This is what happens when you let theocrats pack the courts. The only laws they’ll accept are the ones they’ve invented for themselves. You may recall this notorious quote.

The aide said that guys like me [Suskind] were “in what we call the reality-based community,” which he defined as people who “believe that solutions emerge from your judicious study of discernible reality.” I nodded and murmured something about enlightenment principles and empiricism. He cut me off. “That’s not the way the world really works anymore,” he continued. “We’re an empire now, and when we act, we create our own reality. And while you’re studying that reality — judiciously, as you will — we’ll act again, creating other new realities, which you can study too, and that’s how things will sort out. We’re history’s actors … and you, all of you, will be left to just study what we do.” [The New York Times Magazine]

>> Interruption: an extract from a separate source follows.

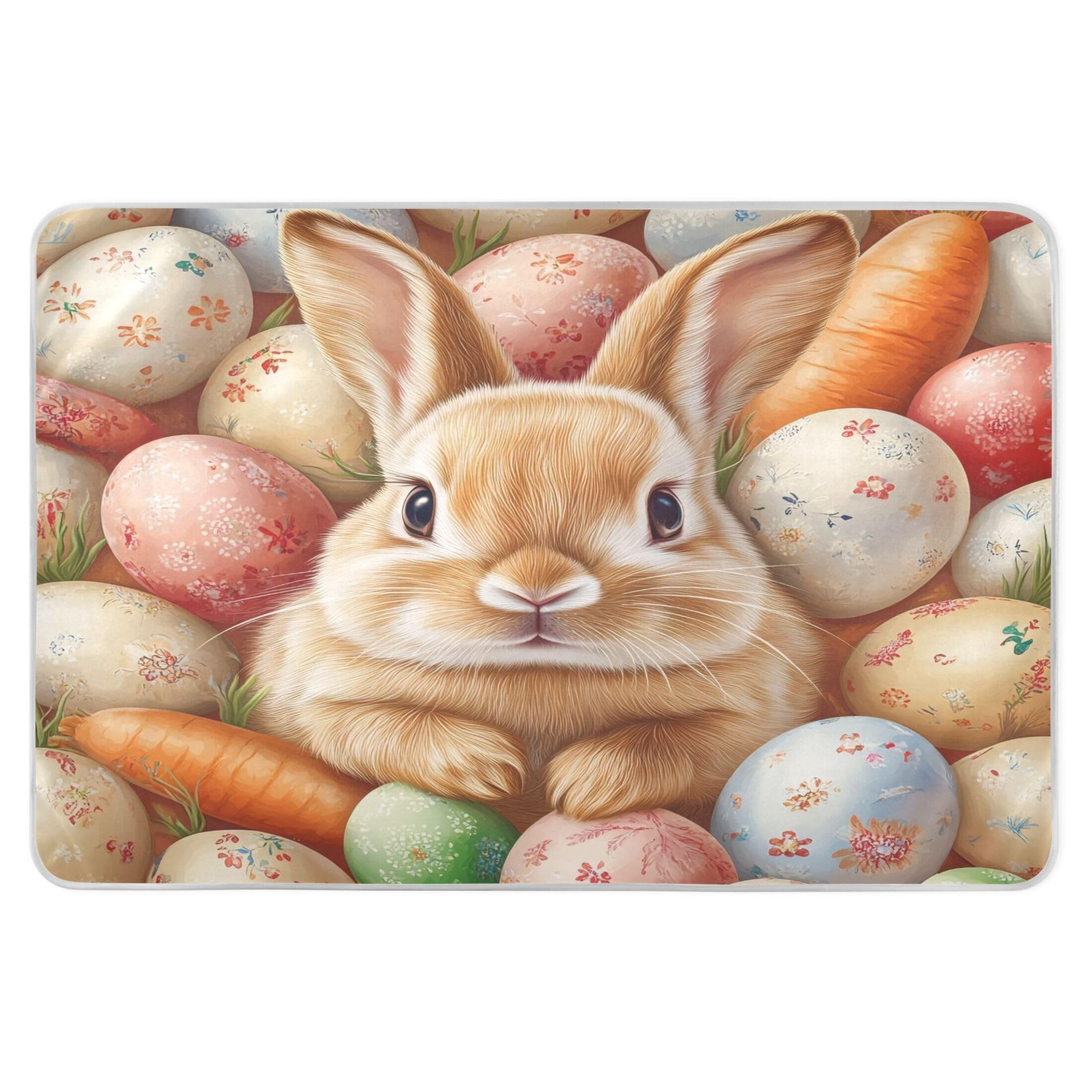 Takiito Bunny Eggs Bed Pad Reusable Bed Underpad Washable Waterproof Leak-Proof Quick Dry Incontinence Pee Pad for Toddlers Kids Adults Pets 34x52 in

That’s the law of the land now.

Incredible! A Republican held accountable?

I know it’s hard to believe, but George Santos has been expelled from congress.

By a vote of 311-114, the House voted to expel Santos, with 206 Democrats and 105 Republicans voting for expulsion, and two Democrats and 112 Republicans voting against it. This was just the sixth time in U.S. history that the House has expelled one of its own and the first time the House has done so without a criminal conviction, though Santos doesn’t dispute that he lied about most of his resume. (He does, however, dispute that he broke the law, despite the 23 criminal counts against him and substantial evidence in his indictment—as well as an Ethics report released two weeks ago—that detailed a number of alleged legal violations.)

As members voted on Santos’ removal, the serial fabulist was in and out of the chamber, at one point leaving, and then reappearing with his coat draped over his shoulders to watch the finally tally and shake hands with certain members.

It is revealing, though, that lying on your CV and misappropriating campaign funds can get you expelled, but enabling pedophiles and committing statutory rape, as people like Jordan and Gaetz have done, doesn’t even get you a slap on the wrist, and the ethical standards of the Supreme Court are a joke. It’s the money that matters.

It could have been worse

News from the Florida GOP:

Christian Ziegler, Florida’s GOP chairman and husband of Sarasota County School Board member and Moms of Liberty co-founder Bridget Ziegler, is under criminal investigation after a woman filed a complaint with the Sarasota Police Department alleging the longtime Republican official had raped her, according to a heavily redacted police report obtained by the Florida Trident.

The complaint was filed on October 4 and the alleged sexual battery occurred inside the woman’s home in Sarasota on October 2, according to the report. Among the few words that went unredacted in the report are “rape” and “sexual assault complaint.”

The woman, according to sources close to the investigation, alleged that she and both Zieglers had been involved in a longstanding consensual three-way sexual relationship prior to the incident. The incident under investigation by Sarasota police occurred when Christian Ziegler and the woman were alone at the woman’s house, without Bridget Ziegler present, the sources conveyed.

At least this time, everyone involved was a full-grown adult.